Stemmingsindex blijft wel goed
De Stemmingsindex van de land- en tuinbouw, die de huidige situatie op het bedrijf weergeeft, bleef wel goed. De index steeg met 1 punt naar 18 punten gemiddeld, maar bleef net onder het langlopende gemiddelde steken. Zoals wel vaker het geval is, bleek de stemming van de varkenshouderij sterk te muteren. Zo ook het eerste kwartaal van 2024. Dit keer waren ondernemers positiever dan een kwartaal eerder (Q4-2023). De index steeg 11 punten en hiermee kwam de stemmingsindex op bijna 37 punten. Hiermee is de stemming in deze sector momenteel goed te noemen.
Ook in de pluimveehouderij staat de index op een dergelijk hoog niveau. Met een index van 35 punten (+5 punten) ligt de Stemmingsindex voor deze sector, net als bij de varkenshouderij, sterk hoger dan het langlopende gemiddelde. De Stemmingsindex van de biologische sector steeg fors met 12,5 punt naar ruim 26 punten. Dat deze index hoger ligt dan het langlopende gemiddelde geldt ook voor de sectoren akkerbouw, opengrondstuinbouw en de glastuinbouw. Maar bij deze sectoren is het verschil een stuk kleiner.
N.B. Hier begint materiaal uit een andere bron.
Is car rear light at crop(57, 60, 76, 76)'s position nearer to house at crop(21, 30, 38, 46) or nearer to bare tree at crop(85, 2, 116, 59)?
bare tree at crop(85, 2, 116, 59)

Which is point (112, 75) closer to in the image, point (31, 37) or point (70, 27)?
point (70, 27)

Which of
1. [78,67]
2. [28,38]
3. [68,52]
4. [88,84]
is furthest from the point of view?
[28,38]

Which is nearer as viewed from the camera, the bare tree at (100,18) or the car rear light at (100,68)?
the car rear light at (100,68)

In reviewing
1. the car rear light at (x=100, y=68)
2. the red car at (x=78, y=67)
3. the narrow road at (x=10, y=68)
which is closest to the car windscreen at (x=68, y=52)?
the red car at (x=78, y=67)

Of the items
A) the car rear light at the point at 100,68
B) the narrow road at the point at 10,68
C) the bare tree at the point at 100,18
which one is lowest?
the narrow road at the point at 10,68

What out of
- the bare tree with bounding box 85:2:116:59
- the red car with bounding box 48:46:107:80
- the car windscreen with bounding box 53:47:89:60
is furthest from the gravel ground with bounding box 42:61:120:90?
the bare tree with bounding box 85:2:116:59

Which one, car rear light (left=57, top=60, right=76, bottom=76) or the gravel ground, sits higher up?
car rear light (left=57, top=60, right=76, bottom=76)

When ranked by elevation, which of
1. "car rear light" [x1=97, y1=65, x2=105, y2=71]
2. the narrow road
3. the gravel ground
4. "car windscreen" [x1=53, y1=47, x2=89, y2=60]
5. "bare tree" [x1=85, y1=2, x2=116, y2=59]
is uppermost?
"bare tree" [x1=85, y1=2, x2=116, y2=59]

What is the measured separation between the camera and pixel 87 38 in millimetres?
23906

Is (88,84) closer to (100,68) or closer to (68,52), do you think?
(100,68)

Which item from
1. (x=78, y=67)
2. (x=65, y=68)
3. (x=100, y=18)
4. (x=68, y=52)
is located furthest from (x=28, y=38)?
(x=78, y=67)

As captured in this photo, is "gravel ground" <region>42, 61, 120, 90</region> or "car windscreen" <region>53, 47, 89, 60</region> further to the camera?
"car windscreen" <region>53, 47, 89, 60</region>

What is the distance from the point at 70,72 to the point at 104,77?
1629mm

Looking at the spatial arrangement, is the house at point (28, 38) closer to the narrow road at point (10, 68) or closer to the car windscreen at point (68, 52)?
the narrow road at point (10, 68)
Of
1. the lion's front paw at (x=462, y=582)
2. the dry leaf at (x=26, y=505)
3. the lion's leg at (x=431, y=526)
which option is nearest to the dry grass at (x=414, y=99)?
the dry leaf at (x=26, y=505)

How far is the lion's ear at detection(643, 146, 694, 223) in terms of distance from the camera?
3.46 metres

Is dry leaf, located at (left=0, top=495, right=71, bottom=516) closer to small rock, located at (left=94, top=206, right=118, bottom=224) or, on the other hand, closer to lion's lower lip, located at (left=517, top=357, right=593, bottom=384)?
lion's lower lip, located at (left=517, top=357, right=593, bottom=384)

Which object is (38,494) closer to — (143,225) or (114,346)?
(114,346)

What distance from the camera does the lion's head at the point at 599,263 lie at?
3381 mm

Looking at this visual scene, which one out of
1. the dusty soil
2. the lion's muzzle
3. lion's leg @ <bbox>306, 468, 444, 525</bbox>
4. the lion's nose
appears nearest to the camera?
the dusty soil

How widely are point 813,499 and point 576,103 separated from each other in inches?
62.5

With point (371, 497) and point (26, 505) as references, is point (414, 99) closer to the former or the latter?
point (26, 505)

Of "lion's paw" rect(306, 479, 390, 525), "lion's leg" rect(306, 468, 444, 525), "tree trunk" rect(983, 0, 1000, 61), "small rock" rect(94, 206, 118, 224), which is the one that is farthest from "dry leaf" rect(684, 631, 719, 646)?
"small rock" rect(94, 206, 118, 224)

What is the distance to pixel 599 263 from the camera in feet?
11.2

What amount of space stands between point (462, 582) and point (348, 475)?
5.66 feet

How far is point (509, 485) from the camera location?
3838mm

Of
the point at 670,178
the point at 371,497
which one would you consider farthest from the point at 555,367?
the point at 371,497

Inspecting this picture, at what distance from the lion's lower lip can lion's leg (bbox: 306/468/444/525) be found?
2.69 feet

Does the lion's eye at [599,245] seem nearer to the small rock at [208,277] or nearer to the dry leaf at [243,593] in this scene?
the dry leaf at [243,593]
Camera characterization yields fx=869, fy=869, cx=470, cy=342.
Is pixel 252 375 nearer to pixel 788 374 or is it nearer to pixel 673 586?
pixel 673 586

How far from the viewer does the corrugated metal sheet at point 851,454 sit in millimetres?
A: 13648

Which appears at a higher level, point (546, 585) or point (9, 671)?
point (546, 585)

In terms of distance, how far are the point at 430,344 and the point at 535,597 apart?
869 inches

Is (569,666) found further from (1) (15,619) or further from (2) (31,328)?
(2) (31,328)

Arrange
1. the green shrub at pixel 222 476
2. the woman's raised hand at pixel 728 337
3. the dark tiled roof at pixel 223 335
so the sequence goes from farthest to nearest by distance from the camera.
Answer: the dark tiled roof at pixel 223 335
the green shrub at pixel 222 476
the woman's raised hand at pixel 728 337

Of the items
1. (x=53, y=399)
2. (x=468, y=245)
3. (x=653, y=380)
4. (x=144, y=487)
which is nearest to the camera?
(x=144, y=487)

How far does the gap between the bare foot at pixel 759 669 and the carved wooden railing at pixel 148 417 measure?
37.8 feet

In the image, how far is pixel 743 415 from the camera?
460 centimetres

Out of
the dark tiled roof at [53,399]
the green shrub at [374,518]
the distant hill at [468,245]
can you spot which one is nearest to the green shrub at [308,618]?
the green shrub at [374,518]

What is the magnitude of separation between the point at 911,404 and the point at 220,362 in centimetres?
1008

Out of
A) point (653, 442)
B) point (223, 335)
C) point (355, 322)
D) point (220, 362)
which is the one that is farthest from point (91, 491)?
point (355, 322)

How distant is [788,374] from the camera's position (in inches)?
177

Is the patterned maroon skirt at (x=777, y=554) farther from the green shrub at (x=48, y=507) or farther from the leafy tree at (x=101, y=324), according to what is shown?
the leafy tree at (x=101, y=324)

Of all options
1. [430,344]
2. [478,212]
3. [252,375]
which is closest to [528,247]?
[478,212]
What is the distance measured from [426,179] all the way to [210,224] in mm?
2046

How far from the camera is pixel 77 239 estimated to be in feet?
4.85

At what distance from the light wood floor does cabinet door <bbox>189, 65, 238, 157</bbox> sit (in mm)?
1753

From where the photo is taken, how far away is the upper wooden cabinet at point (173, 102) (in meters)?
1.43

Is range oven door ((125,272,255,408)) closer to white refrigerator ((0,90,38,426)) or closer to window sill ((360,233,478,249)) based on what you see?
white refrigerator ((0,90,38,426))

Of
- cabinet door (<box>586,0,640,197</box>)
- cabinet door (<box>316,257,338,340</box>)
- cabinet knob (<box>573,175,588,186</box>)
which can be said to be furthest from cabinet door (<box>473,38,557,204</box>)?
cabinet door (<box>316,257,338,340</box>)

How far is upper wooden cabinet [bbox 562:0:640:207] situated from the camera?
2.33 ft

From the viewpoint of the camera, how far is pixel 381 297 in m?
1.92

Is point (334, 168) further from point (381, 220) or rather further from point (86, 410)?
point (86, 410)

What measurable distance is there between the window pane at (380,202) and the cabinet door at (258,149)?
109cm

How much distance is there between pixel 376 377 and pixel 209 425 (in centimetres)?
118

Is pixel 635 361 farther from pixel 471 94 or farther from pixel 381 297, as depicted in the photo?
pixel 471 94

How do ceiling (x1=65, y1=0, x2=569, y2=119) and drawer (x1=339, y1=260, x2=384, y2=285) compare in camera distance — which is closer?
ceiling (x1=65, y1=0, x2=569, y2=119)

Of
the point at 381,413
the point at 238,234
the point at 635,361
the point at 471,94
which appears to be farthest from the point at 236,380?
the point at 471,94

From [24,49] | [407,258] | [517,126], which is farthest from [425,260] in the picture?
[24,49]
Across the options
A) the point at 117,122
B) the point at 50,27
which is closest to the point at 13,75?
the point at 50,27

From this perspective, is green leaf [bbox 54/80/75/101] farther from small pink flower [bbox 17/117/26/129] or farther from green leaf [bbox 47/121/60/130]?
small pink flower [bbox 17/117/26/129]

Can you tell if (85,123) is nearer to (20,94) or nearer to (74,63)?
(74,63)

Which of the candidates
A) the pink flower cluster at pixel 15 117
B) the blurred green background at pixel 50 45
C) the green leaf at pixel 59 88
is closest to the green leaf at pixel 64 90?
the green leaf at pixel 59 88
De Stemmingsindex van melkveebedrijven ligt als enige juist sterk onder het langlopende gemiddeld. Met een index van 11 punten ten opzichte van 22 punten voor het langlopende gemiddelde. De index daalde dit kwartaal met ruim 5 punten. Ook in de glastuinbouw daalde de stemming met ruim 5 punten.
Zorgen eigen bedrijfssituatie voor de middellange termijn
De verwachting voor de komende 2 à 3 jaar die boeren en tuinders hebben voor hun bedrijf is naar beneden bijgesteld. De middellangetermijnverwachting, uitgedrukt in deze index, daalde met 5 punten naar -15. Het langlopende gemiddelde van 4 punten is hiermee ver uit zicht. Duidelijk is dat men voor de middellange termijn zorgen heeft over de eigen bedrijfssituatie. Vooral bij de grondgebonden sectoren zoals melkveehouderij en de akkerbouw is deze index laag.
In de akkerbouw daalde deze index met bijna 9 punten naar ruim -13 punten. Bij de melkveehouderij was eenzelfde daling zichtbaar, waardoor hier de index verder wegzakte naar ruim -22 punten. Overigens is deze index dit kwartaal bij alle sectoren negatief, de biologische sector uitgezonderd. Door een afname van bijna 20 punten bij de pluimveehouderij ligt hier de index nu op ruim -11 punten. Bij andere sectoren is de daling minder groot. De varkenshouderij is een uitzondering met een toename van het vertrouwen in dit kwartaal, na een sterke daling in twee voorgaande kwartalen.